The amounts must be expressed as sold per 100g or 100 ml in the order & using the units specified in annex XV, whilst energy values must be provided in kilojoules (kJ) and kilocalories (kcal). If you want to provide the values as cooked, then the cooking instructions must be included on the pack and the values must relate to the food as prepared by those instructions.
You can also provide the amounts on a per portion basis so long as the portion can be recognised by the consumer, the portion unit is quantified on the label and the number of portions in the pack has been stated. The % Reference Intakes (RI) can be included in the table (% NRV for the vitamins and minerals) and can relate to ‘per portion’ or ‘per consumption unit’. Where the % RIs are stated, the following statement must be added to the label in close proximity: Reference intake of an average adult (8 400 kJ / 2000 kcal).

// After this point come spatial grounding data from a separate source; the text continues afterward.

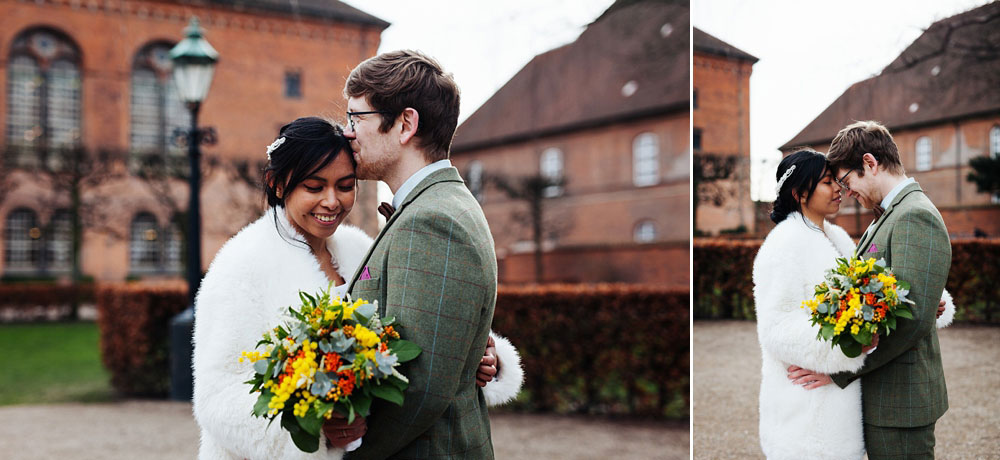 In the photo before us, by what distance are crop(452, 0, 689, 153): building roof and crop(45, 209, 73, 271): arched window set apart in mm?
16581

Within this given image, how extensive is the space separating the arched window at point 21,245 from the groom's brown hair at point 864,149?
30.0 meters

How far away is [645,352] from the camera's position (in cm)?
764

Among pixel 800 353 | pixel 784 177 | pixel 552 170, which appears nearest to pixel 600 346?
pixel 784 177

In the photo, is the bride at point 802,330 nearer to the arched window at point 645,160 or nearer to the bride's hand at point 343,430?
the bride's hand at point 343,430

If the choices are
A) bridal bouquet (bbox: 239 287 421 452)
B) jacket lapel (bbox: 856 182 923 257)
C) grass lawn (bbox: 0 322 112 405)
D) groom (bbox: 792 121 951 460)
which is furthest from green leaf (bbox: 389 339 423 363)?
grass lawn (bbox: 0 322 112 405)

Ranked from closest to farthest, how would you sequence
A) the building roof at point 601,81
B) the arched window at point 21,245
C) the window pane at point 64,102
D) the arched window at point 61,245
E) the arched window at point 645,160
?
the building roof at point 601,81
the arched window at point 645,160
the arched window at point 61,245
the arched window at point 21,245
the window pane at point 64,102

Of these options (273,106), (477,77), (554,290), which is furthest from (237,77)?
(554,290)

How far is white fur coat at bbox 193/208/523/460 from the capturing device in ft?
7.46

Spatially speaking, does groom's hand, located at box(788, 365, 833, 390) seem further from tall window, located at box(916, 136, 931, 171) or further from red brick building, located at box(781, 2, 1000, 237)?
tall window, located at box(916, 136, 931, 171)

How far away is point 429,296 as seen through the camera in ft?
6.97

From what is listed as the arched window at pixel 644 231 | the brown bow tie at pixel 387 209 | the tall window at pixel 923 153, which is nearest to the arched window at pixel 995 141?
the tall window at pixel 923 153

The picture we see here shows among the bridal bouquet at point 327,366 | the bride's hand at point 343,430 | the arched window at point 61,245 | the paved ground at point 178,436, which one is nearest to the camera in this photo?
the bridal bouquet at point 327,366

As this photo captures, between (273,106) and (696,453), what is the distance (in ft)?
93.0

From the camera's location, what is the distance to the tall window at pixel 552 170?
19.5 meters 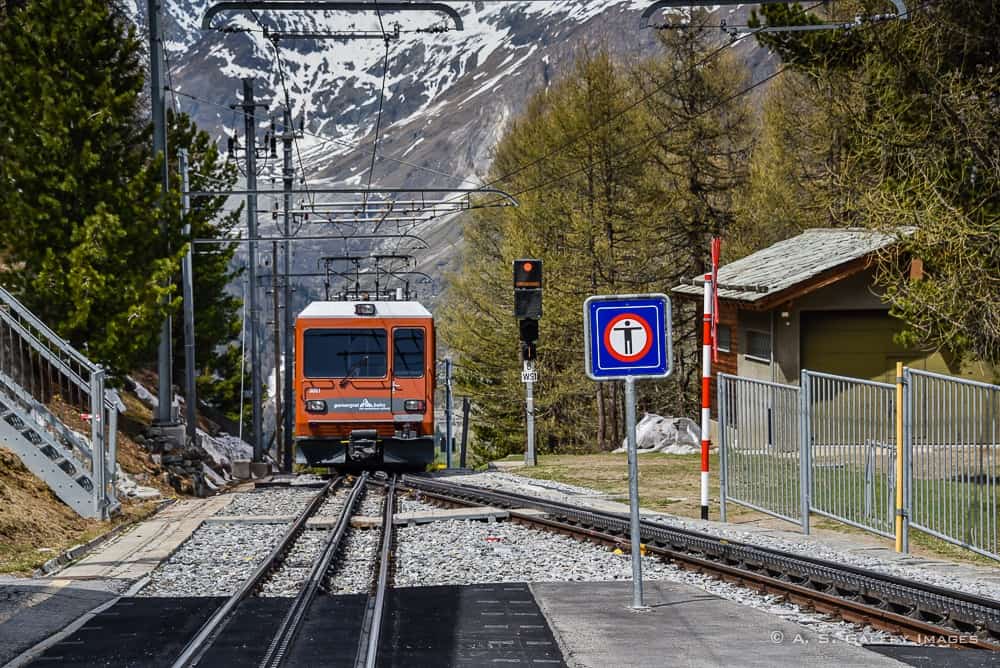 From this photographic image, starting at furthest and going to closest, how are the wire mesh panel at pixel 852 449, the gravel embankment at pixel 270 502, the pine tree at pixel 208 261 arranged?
the pine tree at pixel 208 261 < the gravel embankment at pixel 270 502 < the wire mesh panel at pixel 852 449

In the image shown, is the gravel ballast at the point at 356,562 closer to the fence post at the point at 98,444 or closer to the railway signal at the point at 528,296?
the fence post at the point at 98,444

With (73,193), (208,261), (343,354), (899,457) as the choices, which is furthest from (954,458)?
(208,261)

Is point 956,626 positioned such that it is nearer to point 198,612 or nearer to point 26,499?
point 198,612

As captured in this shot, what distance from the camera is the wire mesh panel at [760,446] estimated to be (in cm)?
1420

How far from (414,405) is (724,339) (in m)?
10.6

Reference Intake of an average adult (8400 kJ/2000 kcal)
Contains 6 portions
So who enforces these labelling rules?
Local authority Trading Standards Officers or Environmental Officers check and monitor to see if food businesses are providing the correct information to consumers. If you are found to be in breach of the rules, the local authority should work with you – using a step by step approach to corrective action. If you fail to act upon previous advice, an Improvement Notice (penalty) may be issued, and this formally outlines corrective steps to be taken within a set period of time.
And what should you do if you think your labels are not fully compliant?
Get some advice or have your labels checked and signed off. If you get them wrong, you may have to label twice – which will increase your costs! Having labels checked by a suitably qualified person would demonstrate that you took reasonable precautions and exercised due diligence.